[RECORDED DATA Boundary: Start]

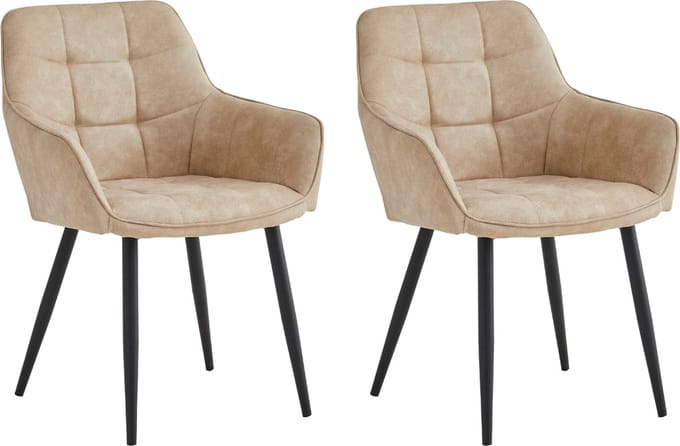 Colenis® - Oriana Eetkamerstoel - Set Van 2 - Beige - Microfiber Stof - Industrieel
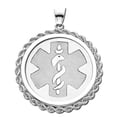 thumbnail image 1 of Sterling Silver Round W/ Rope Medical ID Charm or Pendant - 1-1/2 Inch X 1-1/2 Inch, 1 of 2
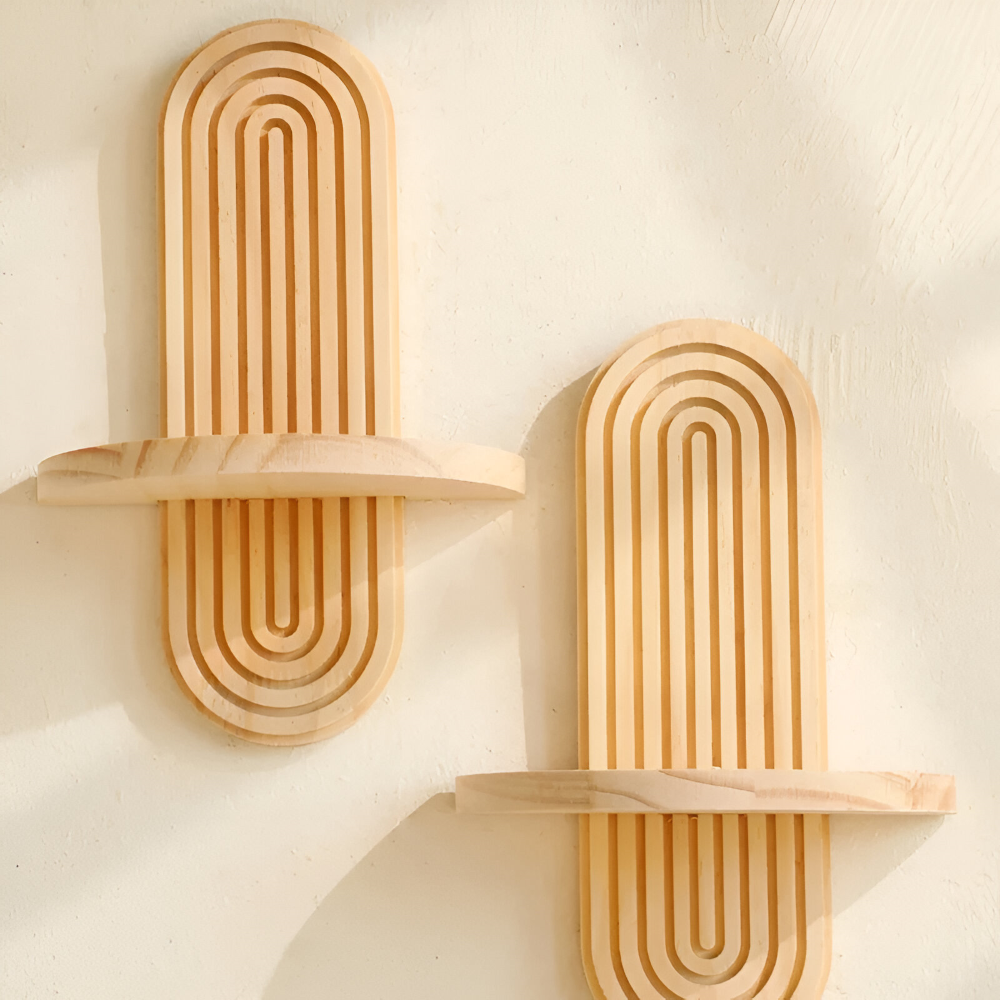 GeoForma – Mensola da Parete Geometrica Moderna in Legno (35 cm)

[RECORDED DATA Boundary: End]

TASK: "thumbnail image 1" marks the first line to be returned; return exactly that line and every line after it through the last line of the listing, omitting pictures.

SOLUTION TO THIS TASK:
 thumbnail image 1 of Sterling Silver Round W/ Rope Medical ID Charm or Pendant - 1-1/2 Inch X 1-1/2 Inch, 1 of 2
 GeoForma – Mensola da Parete Geometrica Moderna in Legno (35 cm)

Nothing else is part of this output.